- Opening Delimiter -
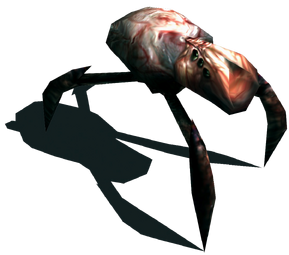 Arachnocide.png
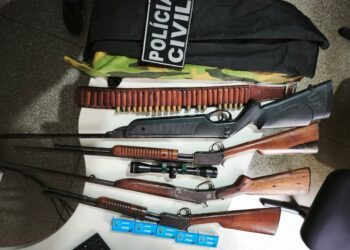 Polícia apreende armas em investigação de maus-tratos a animal em Carira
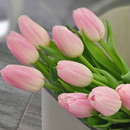 4颗郁金香自然球进口种球土水培耐寒花卉冬季 风信子开花 盆栽四季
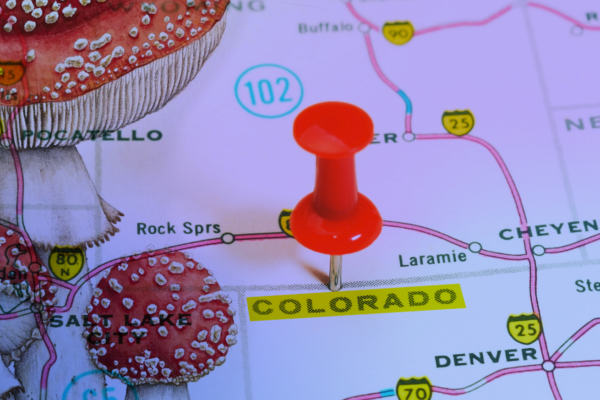 Colorado to Legalize Psychedelics?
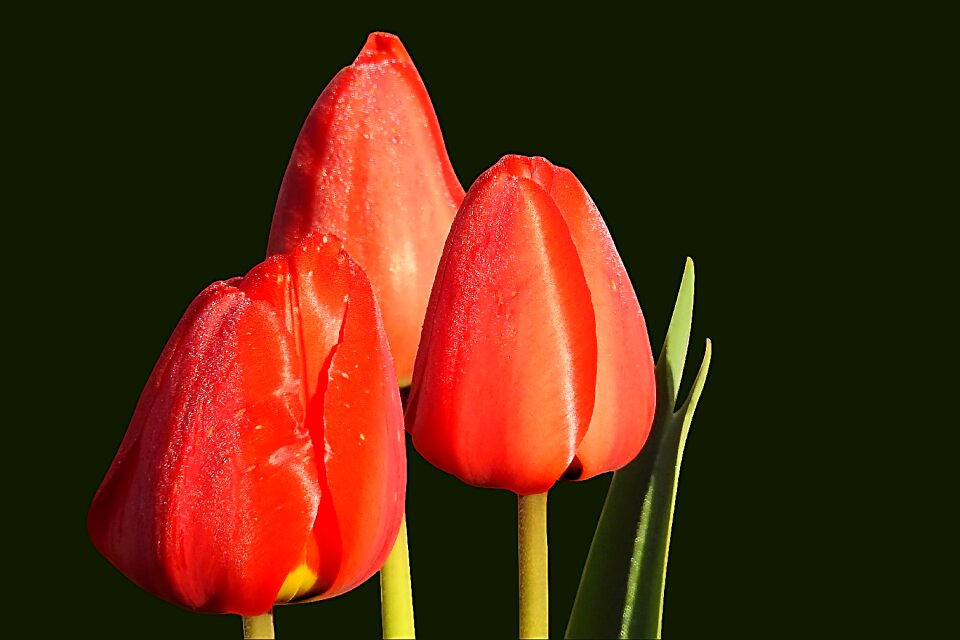 Spring nature bloom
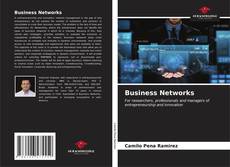 Business Networks kitap kapağı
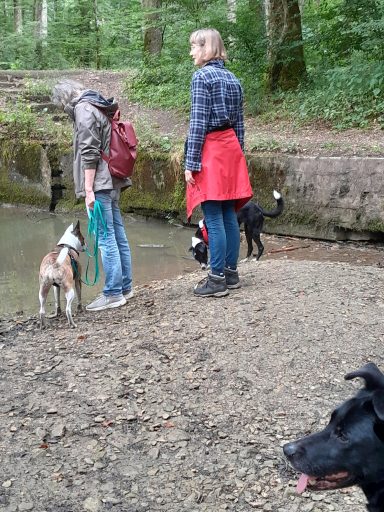 Zwei Personen stehen am Ufer eines Gewässers mit zwei Hunden. Bäume im Hintergrund.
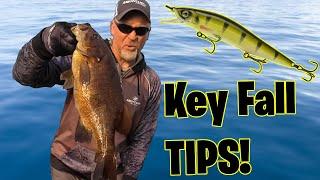 ONE Simple Fix for Fall Bass Fishermen's Jerkbait Problem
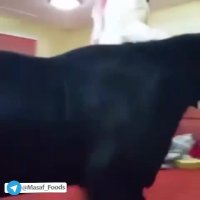 حیوان عجیبی با دستکاری ژنتیکی در عربستان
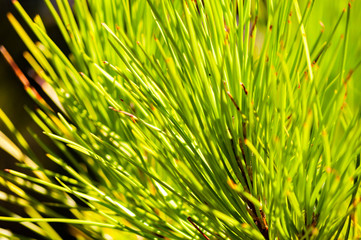Closeup of a juicy green coniferous pine tree needles growing on a tree branch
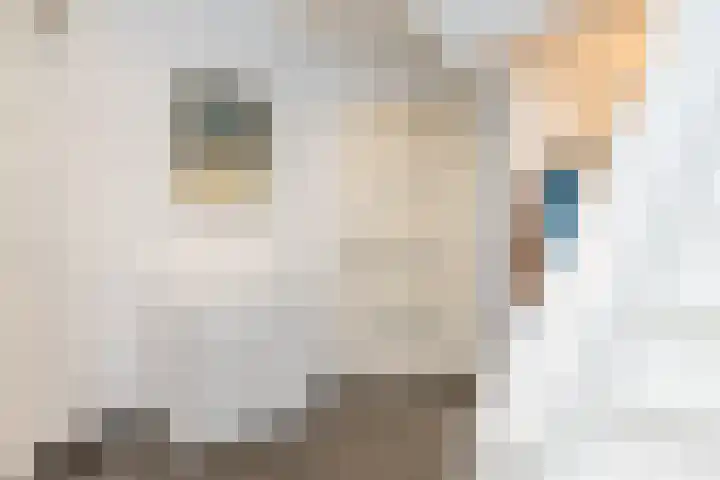 Patersweg 36 Hoensbroek thumbnail 15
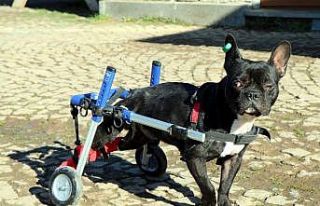 Bacakları felç olan köpek yürüteçle hayata tutundu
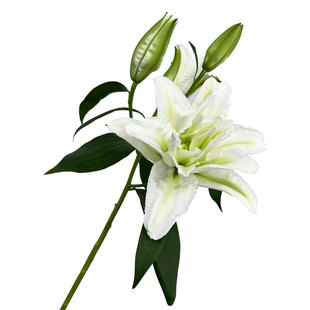 艾莎多头重瓣香水百合鲜花爱莎白色鲜切顺丰云南花卉鲜花基地直发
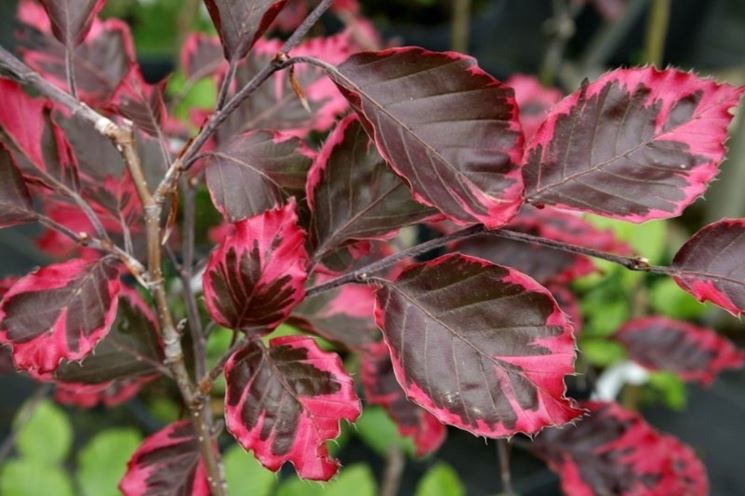 Fagus sylvatica Purpurea Tricolor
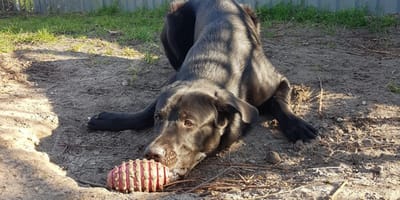 Adoptiehond Nike is op zoek naar een nieuw thuis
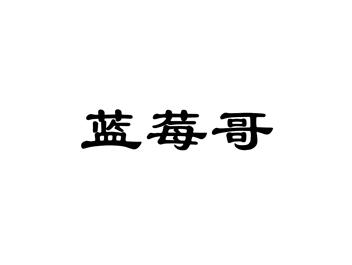 蓝莓哥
- Closing Delimiter -
- [Description of the task]: Nothing but the lines from the line containing "ONE Simple Fix" through the last line of the records above is to be extracted, exactly and with no pictures.

- [Task answer]:
 ONE Simple Fix for Fall Bass Fishermen's Jerkbait Problem
 حیوان عجیبی با دستکاری ژنتیکی در عربستان
Closeup of a juicy green coniferous pine tree needles growing on a tree branch
 Patersweg 36 Hoensbroek thumbnail 15
 Bacakları felç olan köpek yürüteçle hayata tutundu
 艾莎多头重瓣香水百合鲜花爱莎白色鲜切顺丰云南花卉鲜花基地直发
 Fagus sylvatica Purpurea Tricolor
 Adoptiehond Nike is op zoek naar een nieuw thuis
 蓝莓哥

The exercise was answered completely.